■ What needs to be done
With the pictures left aside, write out exactly the lines of the listing below from the line with "Two Family Home" to the line with "Used 2024 Lincoln", both included, and only those.

■ Dataset records
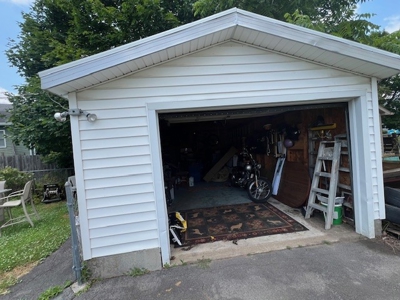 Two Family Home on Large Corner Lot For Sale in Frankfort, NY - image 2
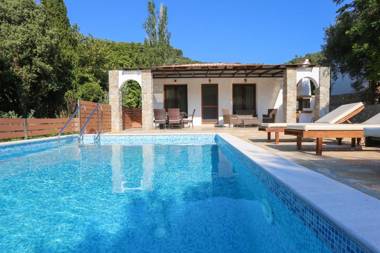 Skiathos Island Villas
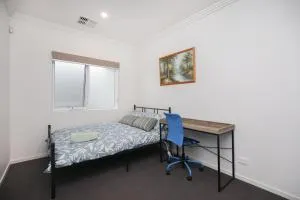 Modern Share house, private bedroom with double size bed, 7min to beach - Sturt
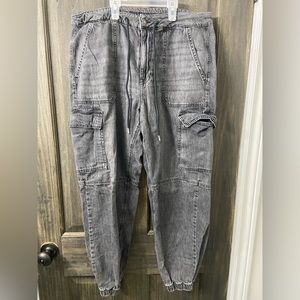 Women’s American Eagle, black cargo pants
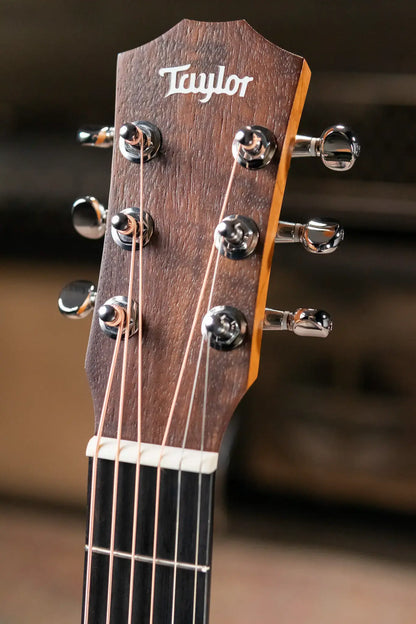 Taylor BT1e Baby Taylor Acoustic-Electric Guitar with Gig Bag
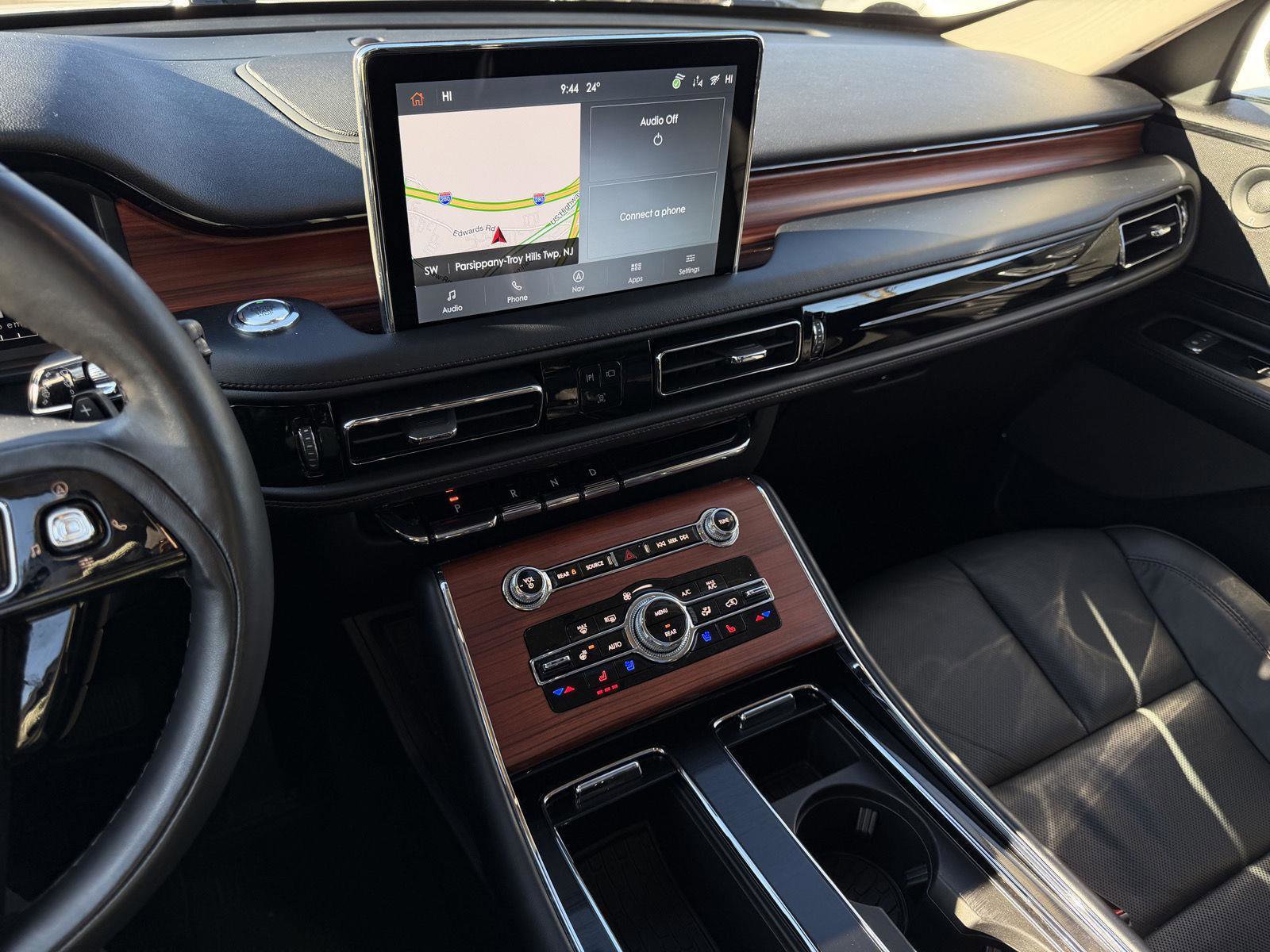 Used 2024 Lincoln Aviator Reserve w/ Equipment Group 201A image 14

...

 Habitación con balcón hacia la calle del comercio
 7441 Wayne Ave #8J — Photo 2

■ Output
 Two Family Home on Large Corner Lot For Sale in Frankfort, NY - image 2
 Skiathos Island Villas
 Modern Share house, private bedroom with double size bed, 7min to beach - Sturt
 Women’s American Eagle, black cargo pants
 Taylor BT1e Baby Taylor Acoustic-Electric Guitar with Gig Bag
 Used 2024 Lincoln Aviator Reserve w/ Equipment Group 201A image 14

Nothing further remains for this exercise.